The Internal Revenue Code of , as amended, requires employers making payment of wages to deduct and withhold from such wages a tax determined in accordance with IRS tables.
The employer is liable for the amount required to be deducted and withheld.
Any employer who fails is liable to the IRS for that amount plus a civil penalty equal to the tax amount.
There is also a criminal penalty of $10,000 fine and/or five years imprisonment for willful failure to pay or collect the amount due.
Some employers have wanted to protect the right of their employees to exercise their rights of conscience even though the employer does not share the same viewpoint.
In this event, employers have refused to withhold and have been taken to court.
Eventually they wind up paying and requiring the employee to reimburse them.

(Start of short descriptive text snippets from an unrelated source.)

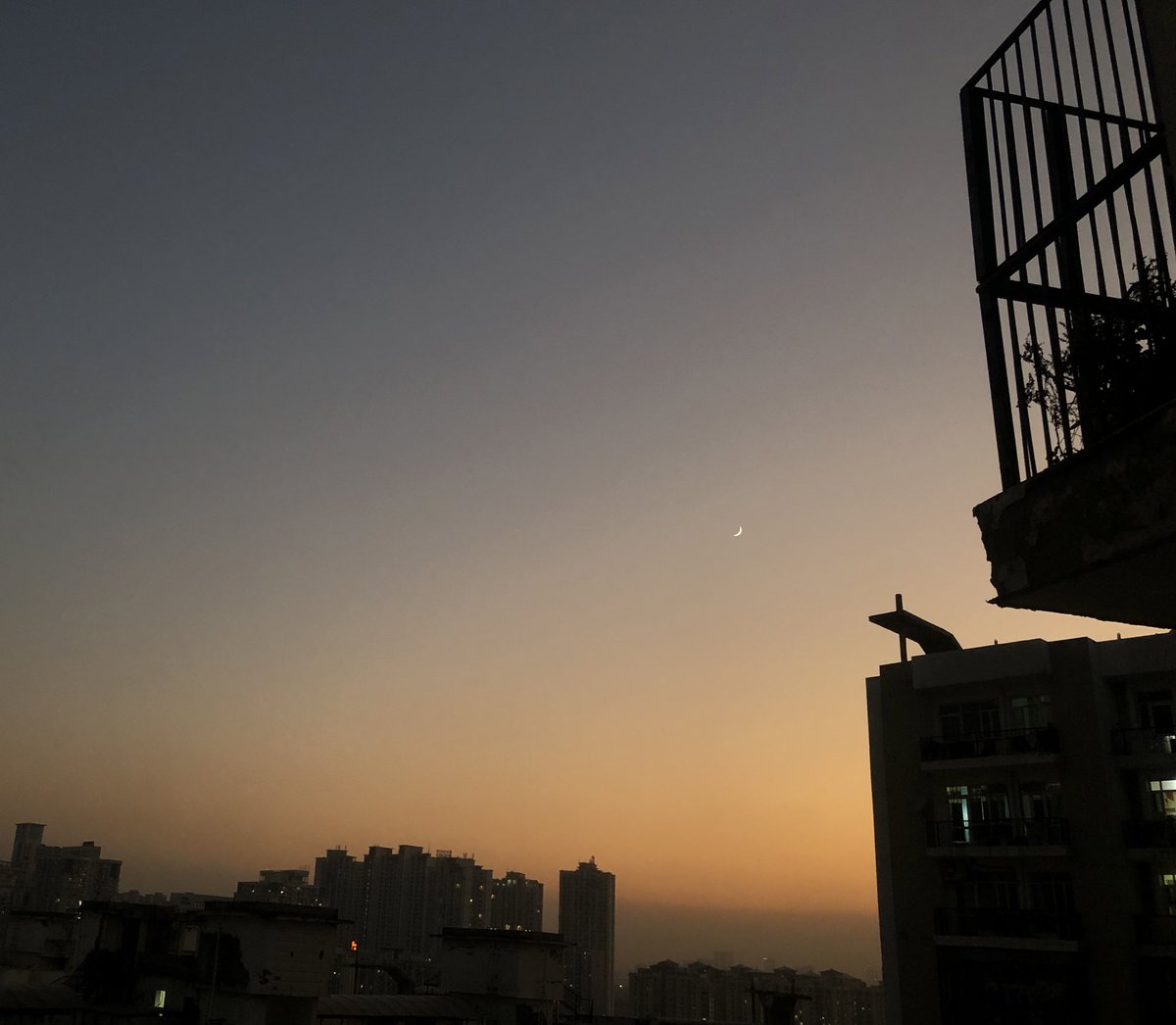 nisharai_ggc's tweet photo. #Sunset #sky shades #moonrise #limetea #orchid to cheer what more #hope #life .. ये ढलती शाम किसी अंत की शुरुवात नहीं,
यह एक संगम हैं जो जीवन के हर रूप को दिखाता हैं. @Hindi_Kavitaa @Hindinama2 @HindiPanktiyaan https://t.co/zU62nwsA5c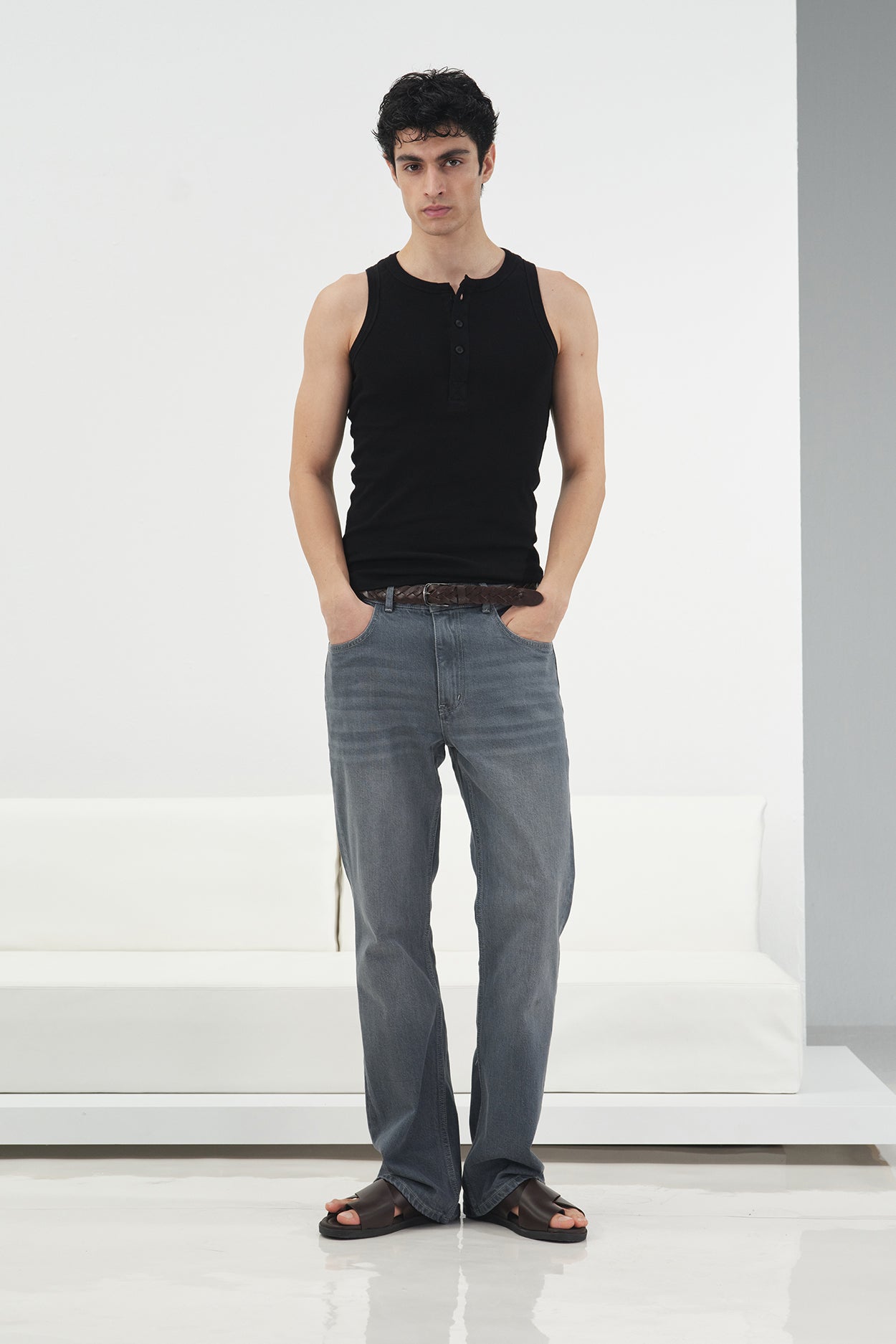 BLACK SLEEVELESS T-SHIRT WITH HALF PLACKET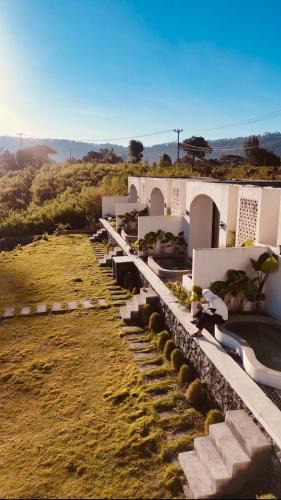 Songan House | The Cliff Side Bali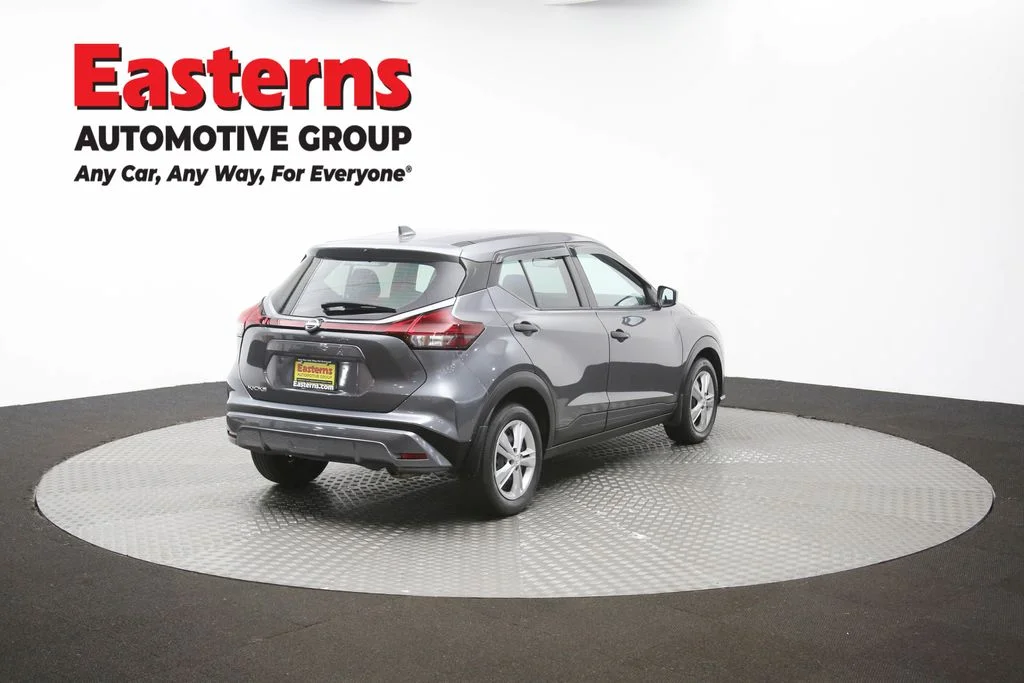 Used 2022 Silver Ford SE image 40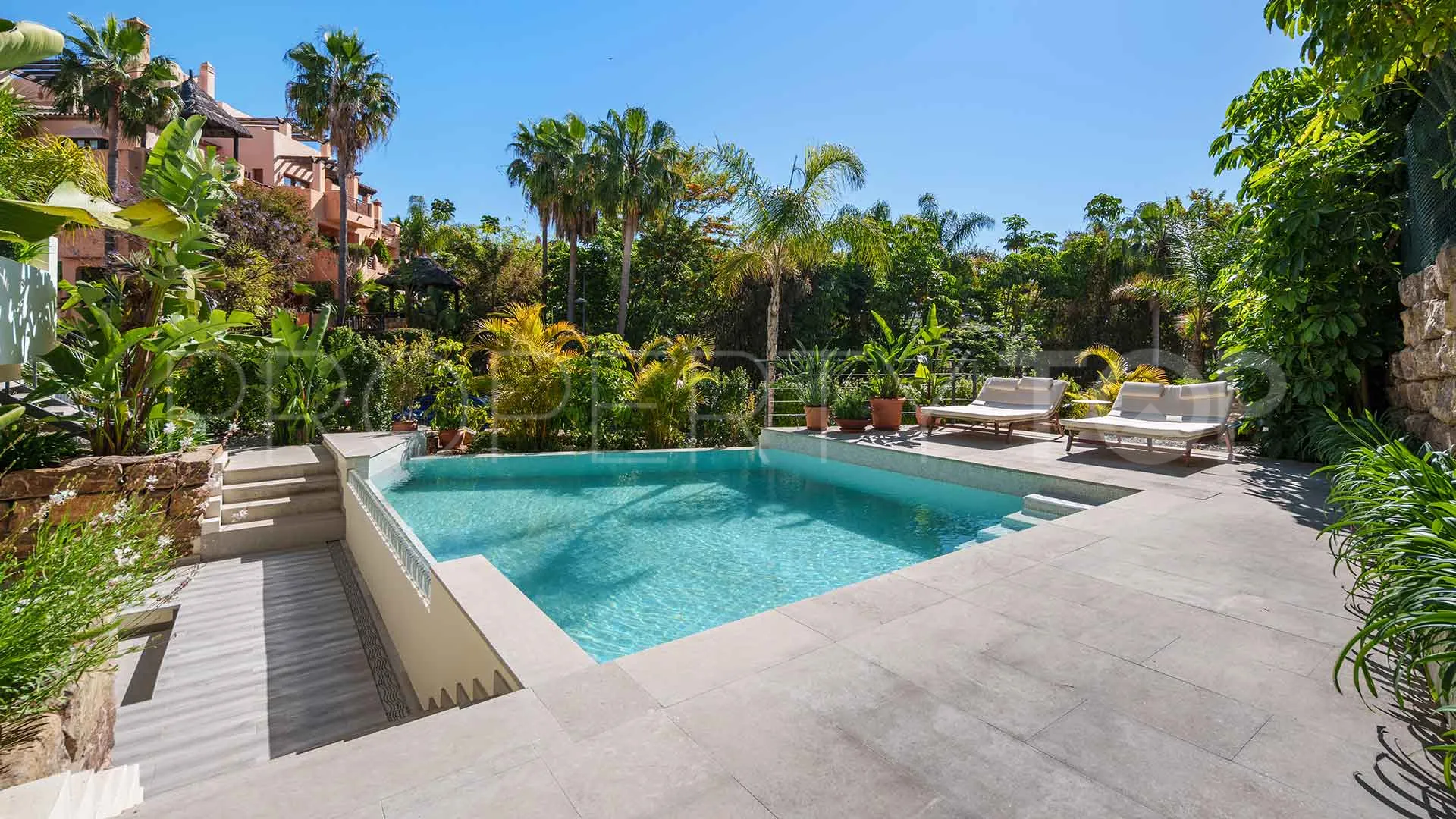 For sale villa in Estepona East with 4 bedrooms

But what if the whole corporation becomes a war tax refuser, rather than just one of its employees?
In that event the corporation will not withhold any tax at all because they are conscientiously opposed to paying military taxes.
Recently we have seen some organizations which were created on radical religious, pacifist principles beginning to refuse to pay military taxes as a corporation rather than simply to support the conscience of one or more of their employees.
They see this as their own witness to the immorality of war taxes.
There is a possibility of losing tax-exempt status and other rights, but they are willing to witness in this way and suffer for conscience’s sake.
Everyone who makes a minimum amount of money a year is required by law to file an income tax return.
Whether you made your money as an employee, an employer or are self-employed, you must file form 1040 and complete Schedule A (“Itemized Deductions”) in order to take an income tax deduction for war.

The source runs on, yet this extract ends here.